Implementation:Huggingface Datasets Get Dataset Config Info
| Knowledge Sources | |
|---|---|
| Domains | Data_Engineering, NLP |
| Last Updated | 2026-02-14 18:00 GMT |
Overview
Concrete tool for retrieving detailed metadata (features, splits, size) for a specific dataset configuration, provided by the HuggingFace Datasets library.
Description
get_dataset_config_info returns a DatasetInfo object containing the full metadata for a specific configuration of a dataset. It instantiates a DatasetBuilder via load_dataset_builder, reads its .info property, and if splits information is missing, invokes the builder's _split_generators using a StreamingDownloadManager to discover splits without downloading the full dataset. If split discovery fails, it raises a SplitsNotFoundError.
Usage
Use get_dataset_config_info when you need the complete metadata for a dataset configuration, including features, splits, description, and size information, without downloading the actual data files.
Code Reference
Source Location
- Repository: datasets
- File:
src/datasets/inspect.py - Lines: 237-292
Signature
def get_dataset_config_info(
path: str,
config_name: Optional[str] = None,
data_files: Optional[Union[str, Sequence[str], Mapping[str, Union[str, Sequence[str]]]]] = None,
download_config: Optional[DownloadConfig] = None,
download_mode: Optional[Union[DownloadMode, str]] = None,
revision: Optional[Union[str, Version]] = None,
token: Optional[Union[bool, str]] = None,
**config_kwargs,
) -> DatasetInfo:
Import
from datasets import get_dataset_config_info
I/O Contract
Inputs
| Name | Type | Required | Description |
|---|---|---|---|
| path | str |
Yes | Path to the dataset repository.
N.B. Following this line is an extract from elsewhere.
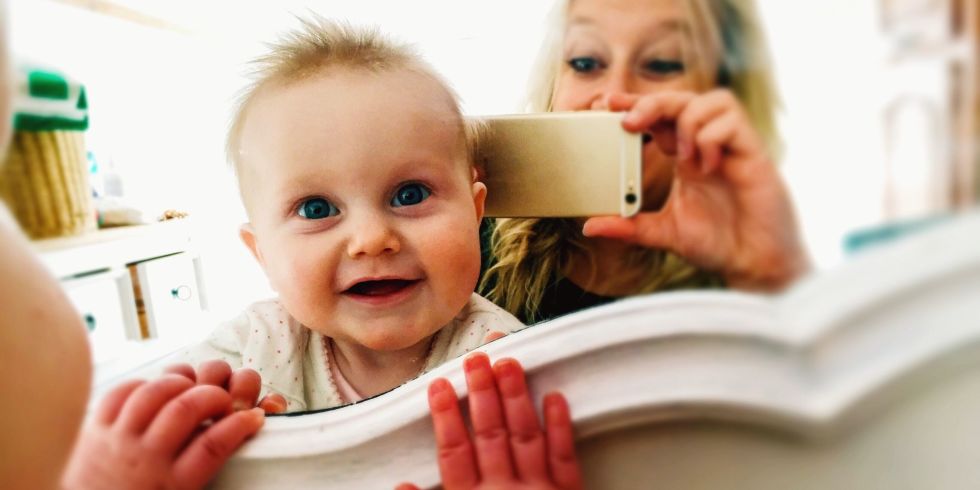 Đăng ảnh con lên Facebook bị phạt từ 1/6 tới?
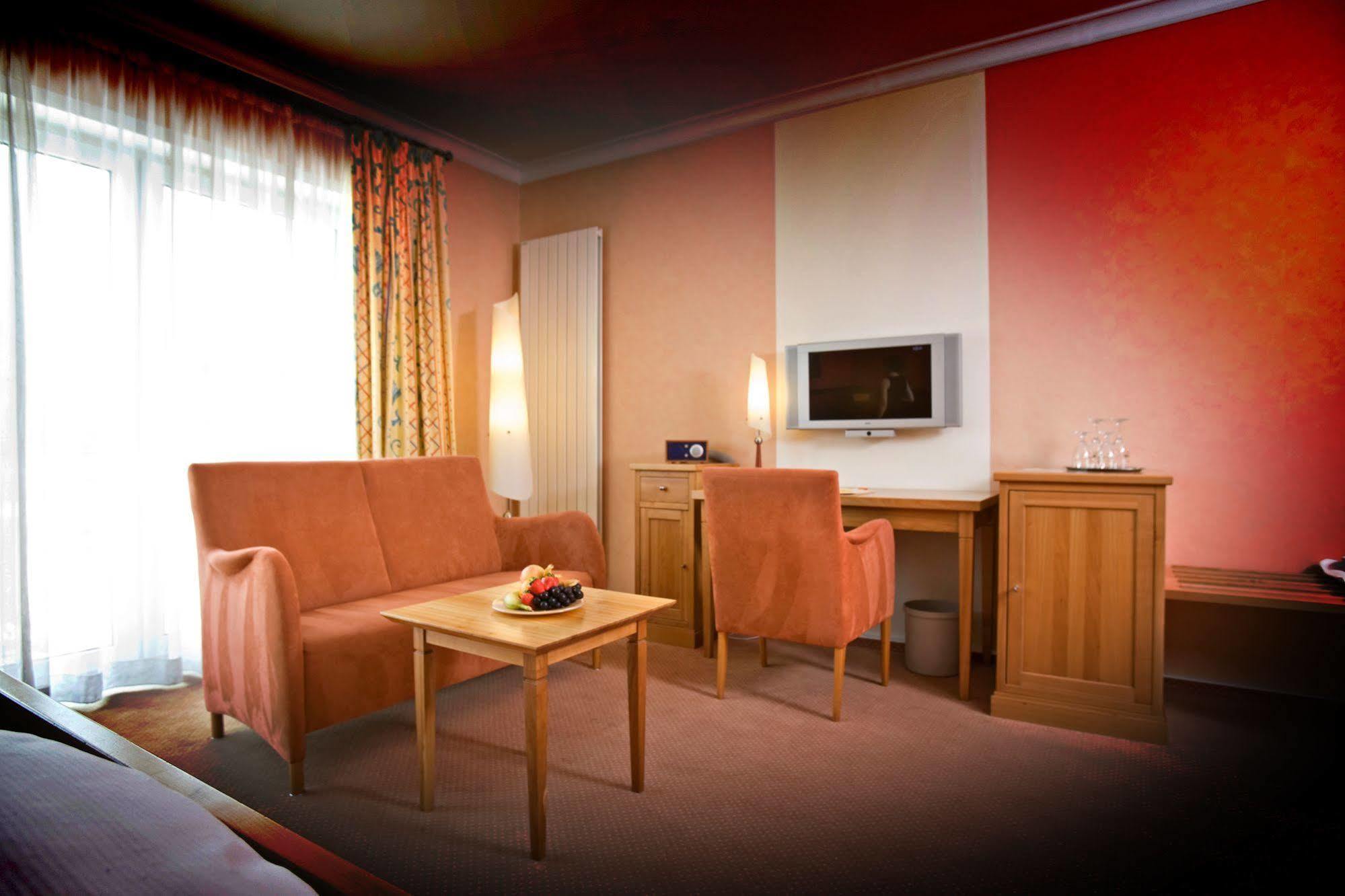 Hotel Sonne Rheda-Wiedenbrueck Bagian luar foto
Can be a local path or a Hub dataset identifier (e.g. 'rajpurkar/squad').
|
| config_name | Optional[str] |
No | Name of the dataset configuration. If None, uses the default configuration.
|
| data_files | Optional[Union[str, Sequence[str], Mapping[str, Union[str, Sequence[str]]]]] |
No | Path(s) to source data file(s). |
| download_config | Optional[DownloadConfig] |
No | Specific download configuration parameters. |
| download_mode | Optional[Union[DownloadMode, str]] |
No | Download/generate mode. Defaults to REUSE_DATASET_IF_EXISTS.
|
| revision | Optional[Union[str, Version]] |
No | Version of the dataset to load (commit SHA, git tag, or branch). |
| token | Optional[Union[bool, str]] |
No | Bearer token for remote files on the Datasets Hub. |
| **config_kwargs | keyword arguments | No | Additional attributes for the builder class that override defaults. |
Outputs
| Name | Type | Description |
|---|---|---|
| info | DatasetInfo |
A DatasetInfo object containing the dataset's features, splits, description, citation, license, dataset size, and other metadata.
|
Usage Examples
Basic Usage
from datasets import get_dataset_config_info
info = get_dataset_config_info("cornell-movie-review-data/rotten_tomatoes")
print(info.features)
# {'label': ClassLabel(names=['neg', 'pos']), 'text': Value('string')}
print(list(info.splits.keys()))
# ['train', 'validation', 'test']
Inspecting a Specific Configuration
from datasets import get_dataset_config_info
info = get_dataset_config_info("nyu-mll/glue", config_name="mrpc")
print(info.features)
# {'sentence1': Value('string'), 'sentence2': Value('string'),
# 'label': ClassLabel(names=['not_equivalent', 'equivalent']),
# 'idx': Value('int32')}